Ultrasound elastography is a new and developing. Elastography is based on tissue hardness and tumor hardness differences. Most malignant tumors are hard while most benign tumors and tumor like conditions and cysts differ in hardness from malignant tumors.
Area of hardness also differs in malignant and benign lesions. In malignant tumors area of hardness extents beyond visible tumor on gray scale. While most benign lesions are similar in size on both grey scale and elastography.
In elastography lateral displacement of tissue it's calculated to compute hardness of tissue.

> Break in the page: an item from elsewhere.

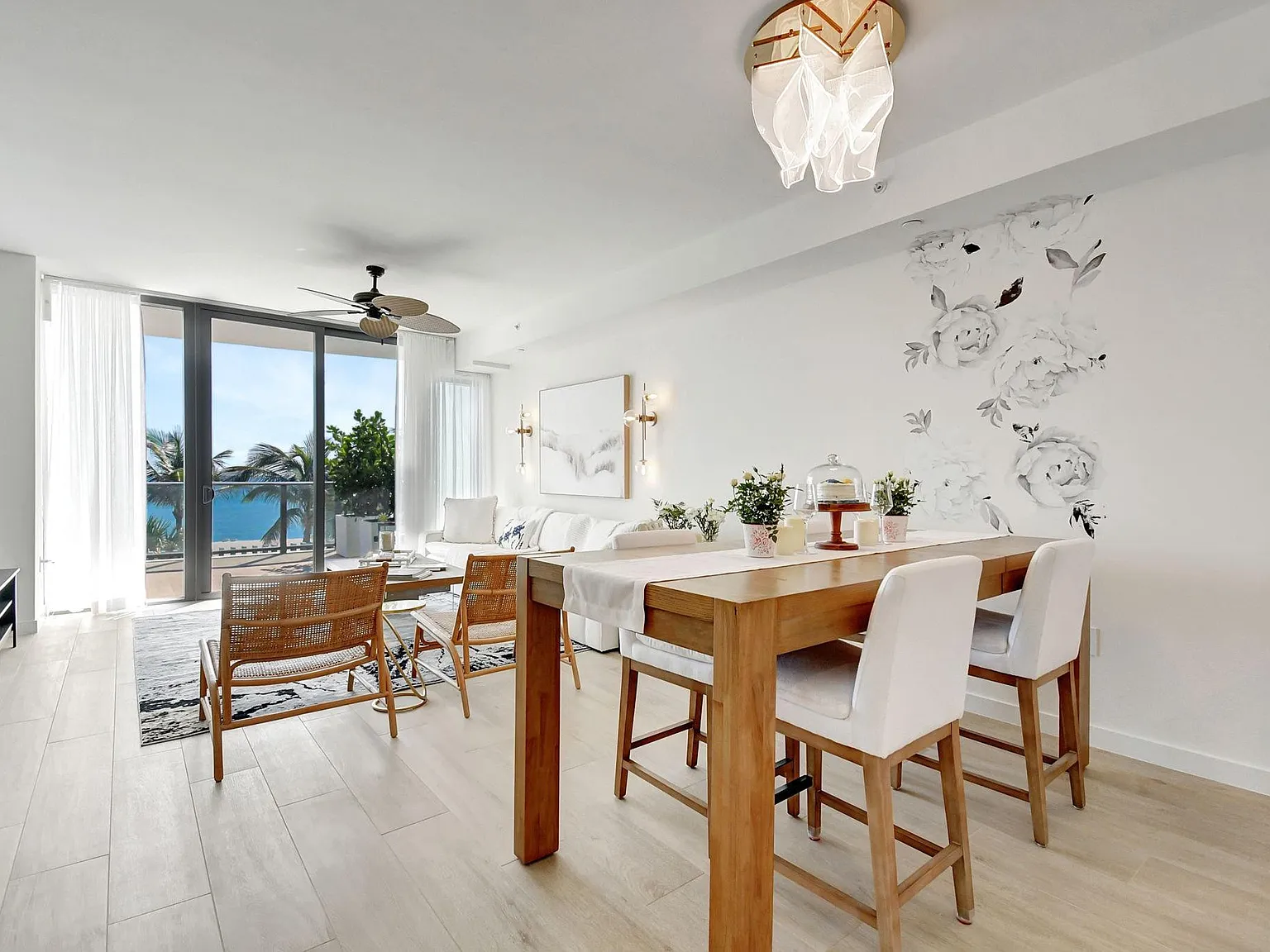 2 bed, 2.5 bath, $15,000 — Photo 2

Manual compression elastography is limited since the amount of compression is unknown. This can be easily improved by adding an accelerometer to ultrasound transducer. With an accelerometer embedded to transducer the computer can know the amount of vertical displacement occurred to transducer in unit time. This can add value to manual compression elastography. Electronic accelerometers (MEMS) can be purchased for less than ten dollars. The real work might be in software programming calculating actual amount of tissue stiffness from vertical displacement of transducer.
There are other types of elastography. One senses the pulsation of nearby vasculature and calculates tissue stiffness according to pulsations.
Another technology uses shear waves produced by transducer to create an stiffness map of tissue. Shear wave elastography can quantitatively calculate accurate maps of stiffness in units of kPa.